Mr Flood, a member of the Metropolitan Police Service's ("MPS") Extradition Unit, brought a libel claim against TNL in May 2007 in relation to a story published about him on The Times' website on 2 June 2006 entitled "Detective accused of taking bribes from Russian exiles". At the time the article was published, the Directorate of Professional Standards ("DPS") of the MPS was investigating allegations of corrupt practice said to have been committed by Mr Flood. However, on 2 December 2006, the investigation closed, concluding that there was no evidence that Mr Flood had done anything to warrant criminal or disciplinary proceedings. The journalist who had written The Times' story on Mr Flood was informed of the finding on 5 September 2007.
TNL did not, however, remove the article from its website when it learnt that the investigation against Mr Flood had been dropped. In fact, it did not update the page to report on the outcome of the investigation until October 2009. Before that, the only alteration to the article was a warning that read"this article is subject to a legal complaint."
In proceedings that reached the Supreme Court, TNL claimed a public interest defence (Reynolds) in relation to the story. The Supreme Court accepted this defence, but only in respect of publication of the story up to 5 September 2007. The High Court and the Court of Appeal had held that the Reynolds privilege defence failed in respect of the website publication of the story after 5 September 2007 (when TNL found out that the investigation against Mr Flood had been dropped), and TNL did not appeal to the Supreme Court on the issue. The publication of the story on The Times' website after 5 September 2007 was, therefore, deemed to be defamatory.
High Court's decision on damages
In a recent hearing in the High Court, Davies J was tasked with setting the amount of damages to be paid by TNL to Mr Flood for the damage caused by TNL's failure to remove its original article about him and its failure topublish the result of the police inquiry.
The evidence in the case was that there were 763 visits to The Times story about Mr Flood between 5 September 2007 and 21 October 2009, of which 549 originated from England and Wales. Mr Flood used these statistics to argue that significant damage to his reputation had occurred after 5 September 2007, from which point TNL could no longer claim a Reynoldsprivilege defence. His wife also gave evidence about the distress caused to him after this time.
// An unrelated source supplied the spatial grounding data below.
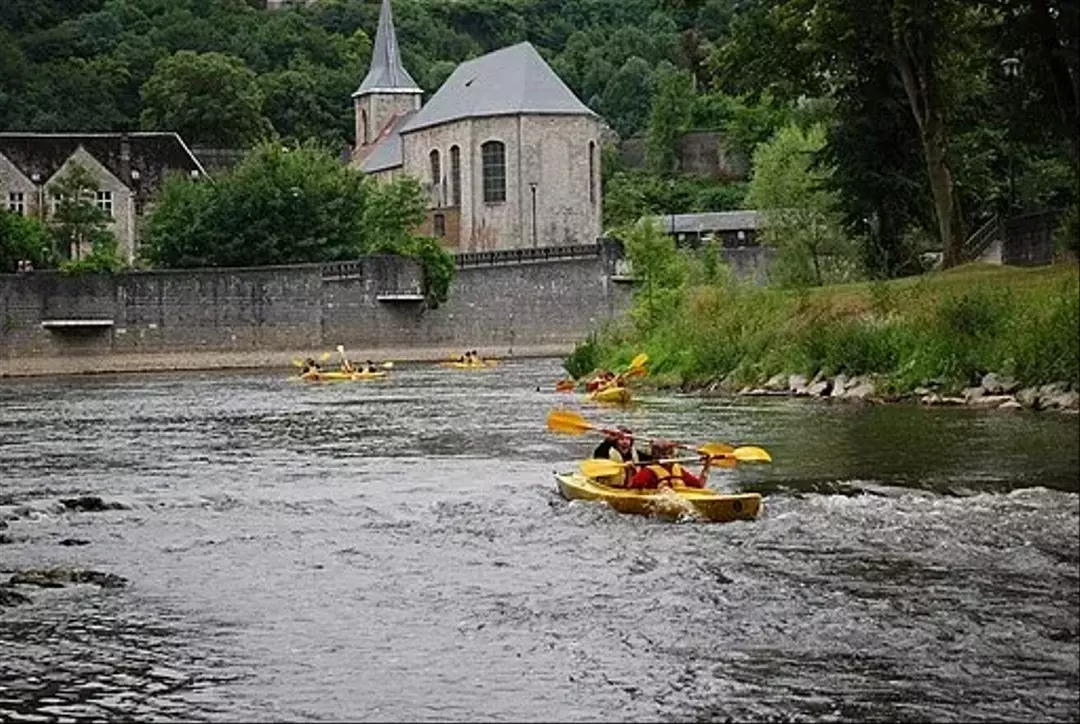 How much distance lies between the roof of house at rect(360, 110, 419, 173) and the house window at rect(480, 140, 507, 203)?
11614mm

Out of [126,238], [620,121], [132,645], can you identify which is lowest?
[132,645]

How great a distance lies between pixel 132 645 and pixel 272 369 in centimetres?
6200

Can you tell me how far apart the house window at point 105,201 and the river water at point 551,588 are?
230ft

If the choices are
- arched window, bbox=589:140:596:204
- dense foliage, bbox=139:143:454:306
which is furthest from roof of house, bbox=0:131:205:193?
arched window, bbox=589:140:596:204

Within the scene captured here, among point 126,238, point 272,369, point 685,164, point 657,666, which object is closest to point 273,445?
point 657,666

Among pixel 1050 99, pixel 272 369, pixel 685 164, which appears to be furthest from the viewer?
pixel 685 164

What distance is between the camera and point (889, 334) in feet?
118

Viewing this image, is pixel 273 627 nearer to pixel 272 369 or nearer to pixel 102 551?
pixel 102 551

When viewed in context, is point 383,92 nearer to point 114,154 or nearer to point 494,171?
point 494,171

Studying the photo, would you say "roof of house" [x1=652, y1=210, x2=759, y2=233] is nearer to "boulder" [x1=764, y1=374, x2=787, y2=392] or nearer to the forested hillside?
the forested hillside

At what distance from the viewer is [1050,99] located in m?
40.3

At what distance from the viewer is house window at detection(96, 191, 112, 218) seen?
325ft

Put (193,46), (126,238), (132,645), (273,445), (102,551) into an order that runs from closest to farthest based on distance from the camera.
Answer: (132,645), (102,551), (273,445), (126,238), (193,46)

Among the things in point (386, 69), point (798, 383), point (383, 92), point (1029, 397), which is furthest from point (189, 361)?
point (1029, 397) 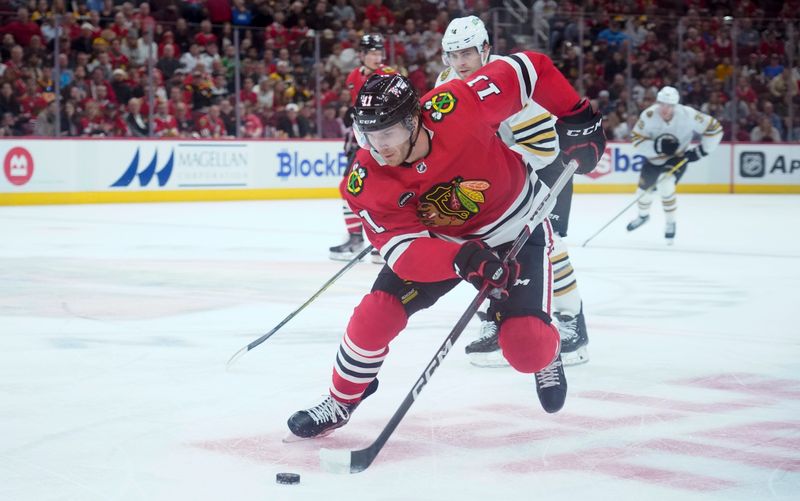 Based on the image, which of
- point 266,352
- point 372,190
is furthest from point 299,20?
point 372,190

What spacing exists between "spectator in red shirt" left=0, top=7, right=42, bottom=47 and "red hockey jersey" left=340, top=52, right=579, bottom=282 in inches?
390

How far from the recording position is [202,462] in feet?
8.18

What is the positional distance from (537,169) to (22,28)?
9.36 meters

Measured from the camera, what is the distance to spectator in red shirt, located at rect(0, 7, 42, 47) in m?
11.7

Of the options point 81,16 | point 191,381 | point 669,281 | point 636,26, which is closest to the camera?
point 191,381

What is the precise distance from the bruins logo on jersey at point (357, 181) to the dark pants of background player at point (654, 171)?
22.4 ft

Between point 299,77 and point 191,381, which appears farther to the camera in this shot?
point 299,77

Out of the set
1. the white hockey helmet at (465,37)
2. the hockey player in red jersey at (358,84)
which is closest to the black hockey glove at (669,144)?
the hockey player in red jersey at (358,84)

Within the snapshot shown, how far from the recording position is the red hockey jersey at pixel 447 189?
2.59 meters

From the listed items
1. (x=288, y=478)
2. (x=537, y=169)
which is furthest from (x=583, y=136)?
(x=288, y=478)

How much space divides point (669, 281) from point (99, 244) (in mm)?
4133

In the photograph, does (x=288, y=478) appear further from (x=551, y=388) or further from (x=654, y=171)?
(x=654, y=171)

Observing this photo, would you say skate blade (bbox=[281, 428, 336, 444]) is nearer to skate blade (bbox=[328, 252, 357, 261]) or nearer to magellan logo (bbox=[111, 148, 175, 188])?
skate blade (bbox=[328, 252, 357, 261])

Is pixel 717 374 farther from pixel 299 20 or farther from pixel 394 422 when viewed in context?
pixel 299 20
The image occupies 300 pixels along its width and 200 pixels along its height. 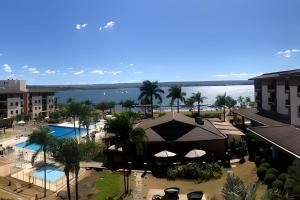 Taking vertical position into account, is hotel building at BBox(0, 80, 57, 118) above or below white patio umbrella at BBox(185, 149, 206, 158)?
above

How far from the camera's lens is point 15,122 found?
82.0 metres

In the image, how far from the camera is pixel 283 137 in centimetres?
3172

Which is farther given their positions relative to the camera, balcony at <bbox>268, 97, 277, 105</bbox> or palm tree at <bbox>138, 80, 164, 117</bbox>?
palm tree at <bbox>138, 80, 164, 117</bbox>

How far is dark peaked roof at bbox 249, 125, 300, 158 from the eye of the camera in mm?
27131

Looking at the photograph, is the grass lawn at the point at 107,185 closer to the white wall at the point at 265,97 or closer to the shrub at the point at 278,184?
the shrub at the point at 278,184

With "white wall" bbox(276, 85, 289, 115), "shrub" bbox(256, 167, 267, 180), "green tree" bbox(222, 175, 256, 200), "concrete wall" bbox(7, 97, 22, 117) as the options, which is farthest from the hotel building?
"green tree" bbox(222, 175, 256, 200)

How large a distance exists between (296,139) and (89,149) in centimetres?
1738

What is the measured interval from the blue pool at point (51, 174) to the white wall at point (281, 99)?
34.0m

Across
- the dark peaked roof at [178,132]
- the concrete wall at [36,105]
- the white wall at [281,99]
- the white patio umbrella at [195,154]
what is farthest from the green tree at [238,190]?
the concrete wall at [36,105]

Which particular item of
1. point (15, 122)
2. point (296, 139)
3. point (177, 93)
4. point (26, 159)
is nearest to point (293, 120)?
point (296, 139)

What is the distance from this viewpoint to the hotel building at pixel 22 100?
299 ft

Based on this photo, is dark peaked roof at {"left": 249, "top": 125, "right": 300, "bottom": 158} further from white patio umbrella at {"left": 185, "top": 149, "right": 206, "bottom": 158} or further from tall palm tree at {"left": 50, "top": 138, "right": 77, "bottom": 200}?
tall palm tree at {"left": 50, "top": 138, "right": 77, "bottom": 200}

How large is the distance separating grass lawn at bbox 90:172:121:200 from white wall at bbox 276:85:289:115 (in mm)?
30068

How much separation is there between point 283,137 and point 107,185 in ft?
54.0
Davies J noted, in particular, that TNL was aware of its obligation to publish the result of the police inquiry, because it had been notified of this in correspondence as early as September 2007. Overall, Davies J found that The Times had "refused to act responsibly" and that the continuance of the article on the website undermined Mr Flood's own statement that he had been exonerated. Davies J did not accept that the existing reasoned judgments in the Reynolds trials (which had already concluded that TNL had defamed Mr Flood) vindicated him sufficiently, because "it [was] unlikely that readers of a web article [would] download the judgment and read it with close attention. The general public is concerned to discover the "headline" result".
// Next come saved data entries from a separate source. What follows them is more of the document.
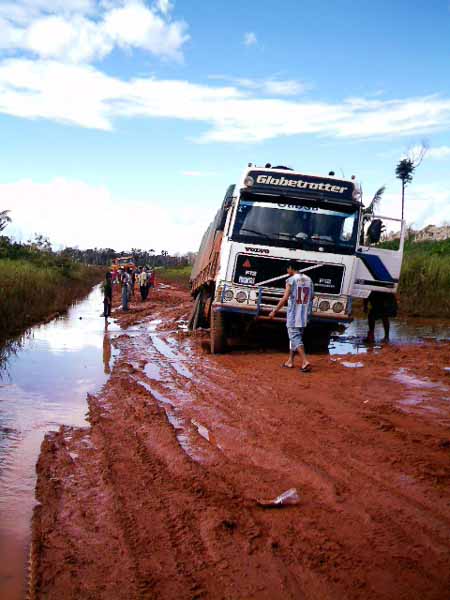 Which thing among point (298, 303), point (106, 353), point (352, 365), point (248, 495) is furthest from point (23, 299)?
point (248, 495)

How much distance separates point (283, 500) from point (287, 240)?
273 inches

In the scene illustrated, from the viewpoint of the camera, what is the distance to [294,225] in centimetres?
1080

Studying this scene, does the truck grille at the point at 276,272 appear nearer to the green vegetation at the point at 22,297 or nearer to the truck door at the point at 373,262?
the truck door at the point at 373,262

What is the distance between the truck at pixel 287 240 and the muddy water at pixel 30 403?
9.14 ft

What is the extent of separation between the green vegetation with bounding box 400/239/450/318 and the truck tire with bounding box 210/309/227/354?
443 inches

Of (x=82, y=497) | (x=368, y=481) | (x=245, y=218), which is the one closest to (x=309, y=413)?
(x=368, y=481)

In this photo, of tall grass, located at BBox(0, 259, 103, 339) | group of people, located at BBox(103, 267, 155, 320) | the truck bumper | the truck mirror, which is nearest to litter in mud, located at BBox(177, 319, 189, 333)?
group of people, located at BBox(103, 267, 155, 320)

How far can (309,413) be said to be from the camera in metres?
6.74

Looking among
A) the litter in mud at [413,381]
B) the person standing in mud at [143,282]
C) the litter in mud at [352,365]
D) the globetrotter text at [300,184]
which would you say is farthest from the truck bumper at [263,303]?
the person standing in mud at [143,282]

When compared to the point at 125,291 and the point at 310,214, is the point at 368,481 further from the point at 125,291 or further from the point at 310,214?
the point at 125,291

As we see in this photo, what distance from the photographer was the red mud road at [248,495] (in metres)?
3.27

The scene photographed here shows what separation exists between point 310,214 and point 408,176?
79.5 feet

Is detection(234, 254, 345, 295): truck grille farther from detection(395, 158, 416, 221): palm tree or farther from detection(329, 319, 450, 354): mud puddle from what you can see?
detection(395, 158, 416, 221): palm tree

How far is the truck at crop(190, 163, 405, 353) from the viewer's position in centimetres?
1070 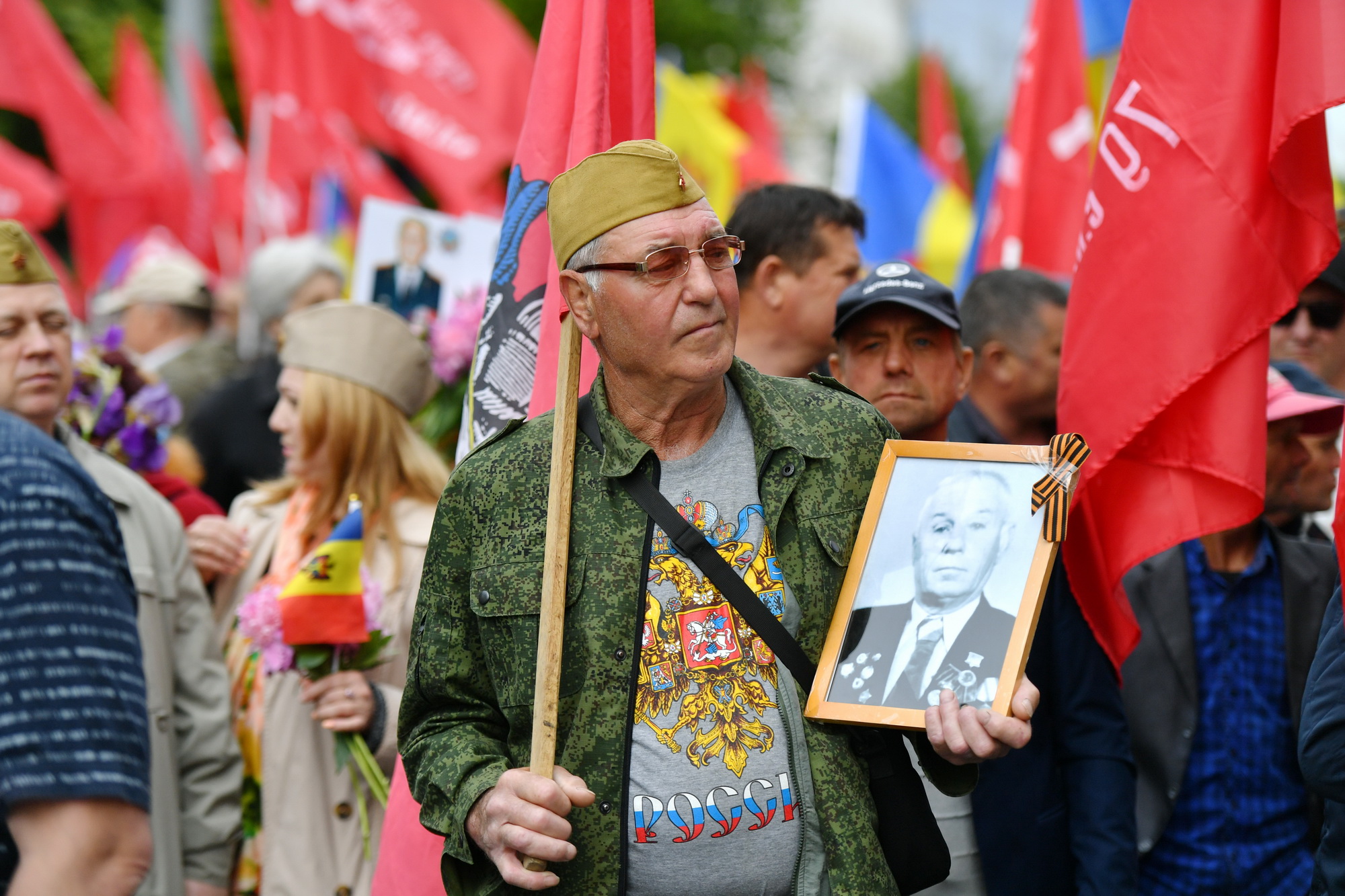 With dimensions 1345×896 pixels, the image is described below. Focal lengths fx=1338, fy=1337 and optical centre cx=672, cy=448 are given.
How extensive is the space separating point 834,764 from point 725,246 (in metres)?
0.94

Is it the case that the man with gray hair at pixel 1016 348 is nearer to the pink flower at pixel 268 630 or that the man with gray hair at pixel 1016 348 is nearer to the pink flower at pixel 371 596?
the pink flower at pixel 371 596

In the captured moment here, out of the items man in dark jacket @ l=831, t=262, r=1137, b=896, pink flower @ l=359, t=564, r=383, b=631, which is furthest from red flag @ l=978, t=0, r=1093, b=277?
pink flower @ l=359, t=564, r=383, b=631

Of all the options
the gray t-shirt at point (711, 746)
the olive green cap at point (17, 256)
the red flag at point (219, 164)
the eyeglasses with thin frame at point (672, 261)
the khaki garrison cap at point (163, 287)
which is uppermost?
the red flag at point (219, 164)

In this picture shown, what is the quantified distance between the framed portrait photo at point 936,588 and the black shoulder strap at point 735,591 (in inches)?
1.8

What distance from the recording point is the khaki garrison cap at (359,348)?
4152mm

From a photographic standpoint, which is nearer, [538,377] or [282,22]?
[538,377]

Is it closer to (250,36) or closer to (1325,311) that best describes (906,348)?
(1325,311)

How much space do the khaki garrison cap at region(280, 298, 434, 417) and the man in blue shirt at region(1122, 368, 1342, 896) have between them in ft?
7.36

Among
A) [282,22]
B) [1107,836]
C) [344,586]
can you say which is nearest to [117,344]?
[344,586]

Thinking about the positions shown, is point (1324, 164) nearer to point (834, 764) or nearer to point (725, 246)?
point (725, 246)

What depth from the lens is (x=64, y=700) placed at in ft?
5.47

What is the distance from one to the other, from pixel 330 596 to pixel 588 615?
1.35 metres

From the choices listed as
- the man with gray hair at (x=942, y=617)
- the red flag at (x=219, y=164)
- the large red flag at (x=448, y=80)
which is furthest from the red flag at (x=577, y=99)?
the red flag at (x=219, y=164)

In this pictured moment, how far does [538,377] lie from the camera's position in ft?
10.5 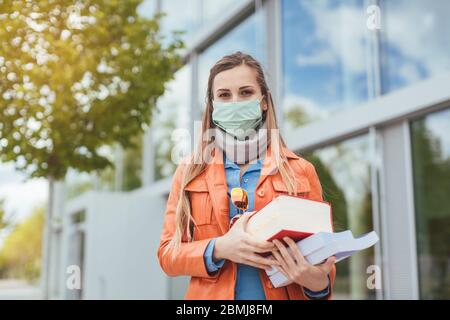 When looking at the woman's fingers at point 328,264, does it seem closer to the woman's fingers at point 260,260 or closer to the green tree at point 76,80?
the woman's fingers at point 260,260

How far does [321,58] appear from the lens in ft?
22.0

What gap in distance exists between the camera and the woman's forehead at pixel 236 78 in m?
1.57

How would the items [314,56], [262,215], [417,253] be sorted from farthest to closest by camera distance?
[314,56] < [417,253] < [262,215]

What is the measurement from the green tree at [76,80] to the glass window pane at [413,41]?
2.07m

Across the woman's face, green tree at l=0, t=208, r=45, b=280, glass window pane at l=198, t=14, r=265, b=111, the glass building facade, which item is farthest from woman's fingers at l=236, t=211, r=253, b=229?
green tree at l=0, t=208, r=45, b=280

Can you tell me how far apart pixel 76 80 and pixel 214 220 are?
11.9 ft

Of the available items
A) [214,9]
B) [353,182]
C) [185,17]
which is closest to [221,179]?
[353,182]

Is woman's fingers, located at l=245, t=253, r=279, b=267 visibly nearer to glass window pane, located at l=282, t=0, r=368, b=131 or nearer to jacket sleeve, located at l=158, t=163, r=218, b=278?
jacket sleeve, located at l=158, t=163, r=218, b=278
Davies J awarded a "headline result" of £60,000, which consisted of damages of £45,000 to reflect Mr Flood's distress, anxiety and suffering, the damage to his reputation and his need for proper vindication as well as a further £15,000 to represent the aggravation of those damages by the irresponsible conduct of TNL. This, she said, was to "serve as a deterrent to those who embark upon public interest journalism but thereafter refuse to publish material which in whole, or in part, exculpates the subject of the investigation".